Geldend van 01-01-2015 t/m heden

Intitulé

Afstemmingsverordening Participatiewet, IOAW en IOAZ gemeente Waterland 2015

De raad van de gemeente Waterland,

gelezen het voorstel van het college van burgemeester en wethouders 11 november 2014;

overwegende dat het noodzakelijk is regels te stellen over de verantwoordelijkheid met betrekking tot de invulling van de rechten en plichten van bijstandsgerechtigden;

gelet op artikel 8, eerste lid, aanhef en onderdeel a en e, van de Participatiewet, artikel 35 van de Wet inkomensvoorziening oudere en gedeeltelijk arbeidsongeschikte werkloze werknemers en artikel 35 van de Wet inkomensvoorziening oudere en gedeeltelijk arbeidsongeschikte gewezen zelfstandigen,

B E S L U I T :

vast te stellen de navolgende

Afstemmingsverordening Participatiewet, IOAW en IOAZ gemeente Waterland 2015.
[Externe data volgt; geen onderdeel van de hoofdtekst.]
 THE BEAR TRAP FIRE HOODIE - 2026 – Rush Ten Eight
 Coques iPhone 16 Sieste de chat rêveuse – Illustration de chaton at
Artikel 1. Begripsbepalingen

In deze verordening en de daarop berustende bepalingen wordt verstaan onder:

  • a.

    benadelingsbedrag: netto-uitkering waarop eerder, langer of tot een hoger bedrag een beroep wordt of is gedaan ten gevolge van tekortschietend besef van verantwoordelijkheid voor de voorziening in het bestaan;

  • b.

    bijstandsnorm:

    • 1º.

      toepasselijke bijstandsnorm als bedoeld in artikel 5, onderdeel c, van de Participatiewet, of

    • 2º.

      grondslag van de uitkering als bedoeld in artikel 5, van de Wet inkomensvoorziening oudere en gedeeltelijk arbeidsongeschikte werkloze werknemers of artikel 5, van de Wet inkomensvoorziening oudere en gedeeltelijk arbeidsongeschikte gewezen zelfstandigen voor zover sprake is van een uitkering op grond van de Wet inkomensvoorziening oudere en gedeeltelijk arbeidsongeschikte werkloze werknemers of de Wet inkomensvoorziening oudere en gedeeltelijk arbeidsongeschikte gewezen zelfstandigen;

  • c.

    gemeente: gemeente Waterland;

  • d.

    IOAW: Wet inkomensvoorziening oudere en gedeeltelijk arbeidsongeschikte werkloze werknemers;

  • e.

    IOAZ: Wet inkomensvoorziening oudere en gedeeltelijk arbeidsongeschikte gewezen zelfstandigen;

  • f.

    belanghebbende: bijstandsgerechtigde;

  • g.

    uitkering: algemene bijstand op grond van de Participatiewet of een uitkering op grond van de Wet IOAW of de Wet IOAZ.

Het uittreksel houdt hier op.